**WHAT TO DO**
When you copy the material below, keep every line exact and drop the pictures.

-*-

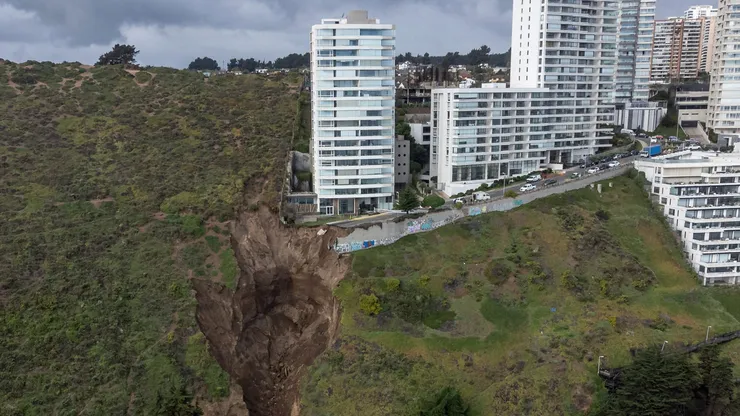 Impactante socavón en Viña del Mar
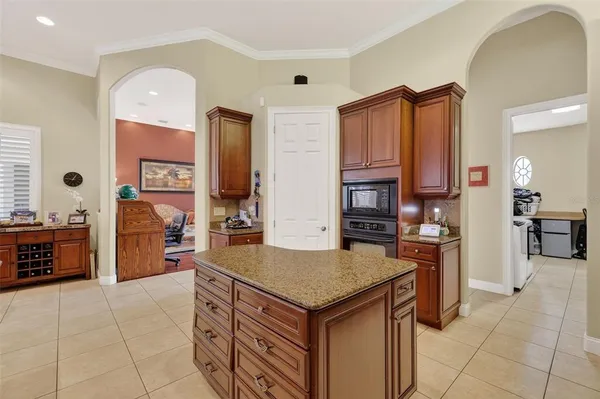 $985,000 | 2007 Country Club Drive, Eustis, FL 32726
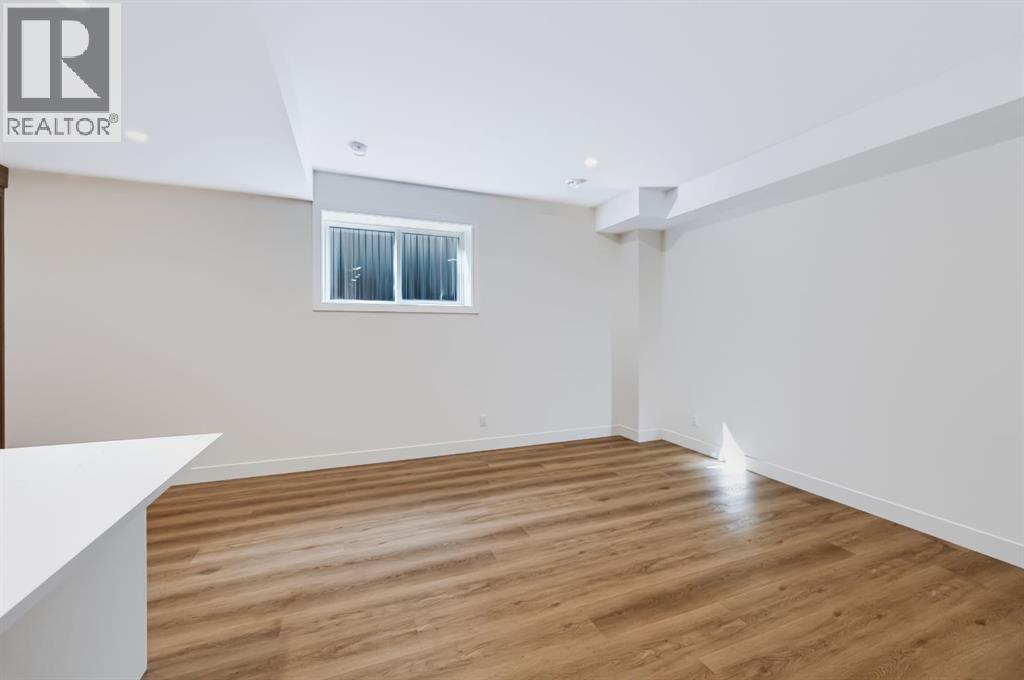 1905b 17 Street Nw Property Photo 24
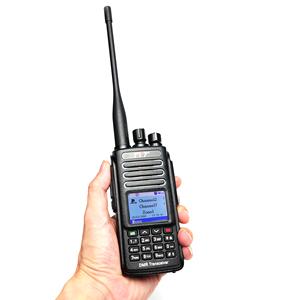 TYT MD-UV390 GPS <span class=keywords><strong>DMR</strong></span> 5W IP67 impermeável Dual Band Digital Walkie Talkie com cabo de programação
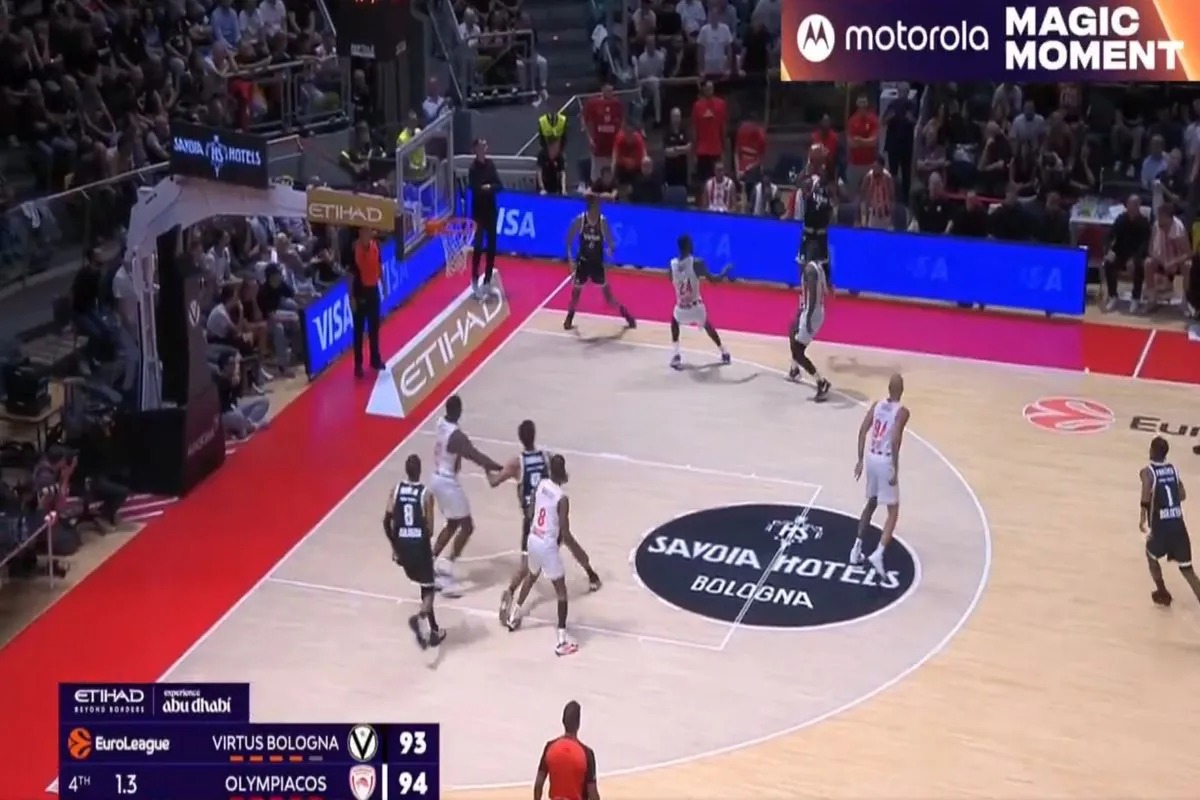 Βίρτους Μπολόνια – Ολυμπιακός: Το buzzer beater τρίποντο του Καρ που χάρισε τη νίκη στους Ιταλούς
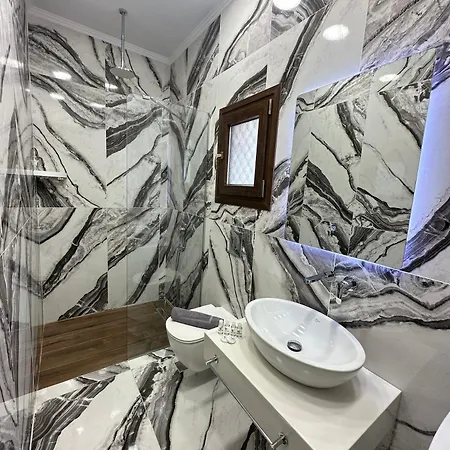 Eleni's Luxury - * Kalymnos Town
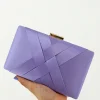 Clutch satinado lila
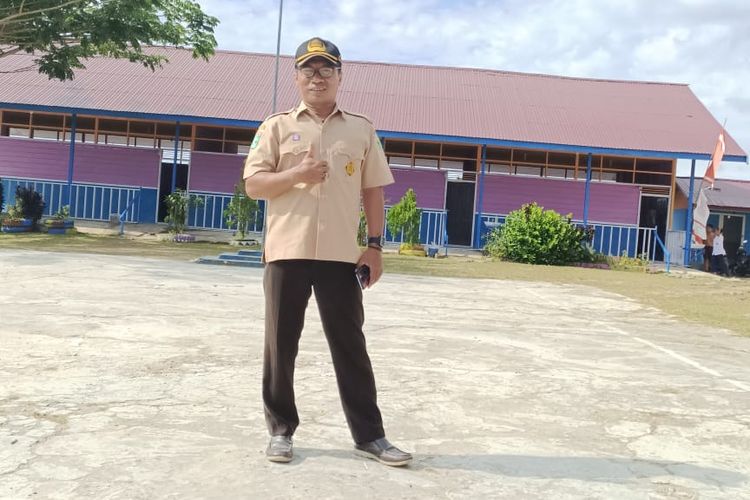 Kepala SMPN 2 Gunung Bayan, Kecamatan Muara Pahu, Kabupaten Kutai Barat (Kubar), Muslikin butuh dua jam lebih untuk mengajar ke sekolah.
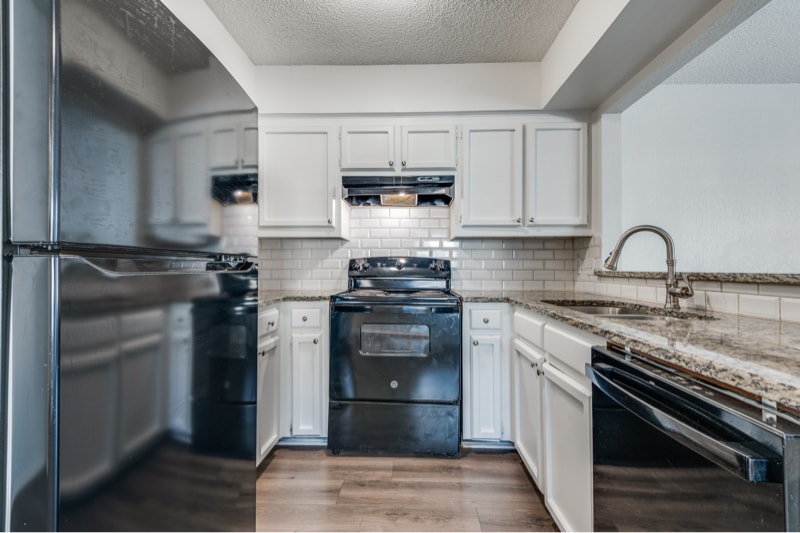 Building Photo - 1803 Cousins Ct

-*-

**ANSWER SECTION**
 Impactante socavón en Viña del Mar
 $985,000 | 2007 Country Club Drive, Eustis, FL 32726
 1905b 17 Street Nw Property Photo 24
 TYT MD-UV390 GPS <span class=keywords><strong>DMR</strong></span> 5W IP67 impermeável Dual Band Digital Walkie Talkie com cabo de programação
 Βίρτους Μπολόνια – Ολυμπιακός: Το buzzer beater τρίποντο του Καρ που χάρισε τη νίκη στους Ιταλούς
 Eleni's Luxury - * Kalymnos Town
 Clutch satinado lila
 Kepala SMPN 2 Gunung Bayan, Kecamatan Muara Pahu, Kabupaten Kutai Barat (Kubar), Muslikin butuh dua jam lebih untuk mengajar ke sekolah.
 Building Photo - 1803 Cousins Ct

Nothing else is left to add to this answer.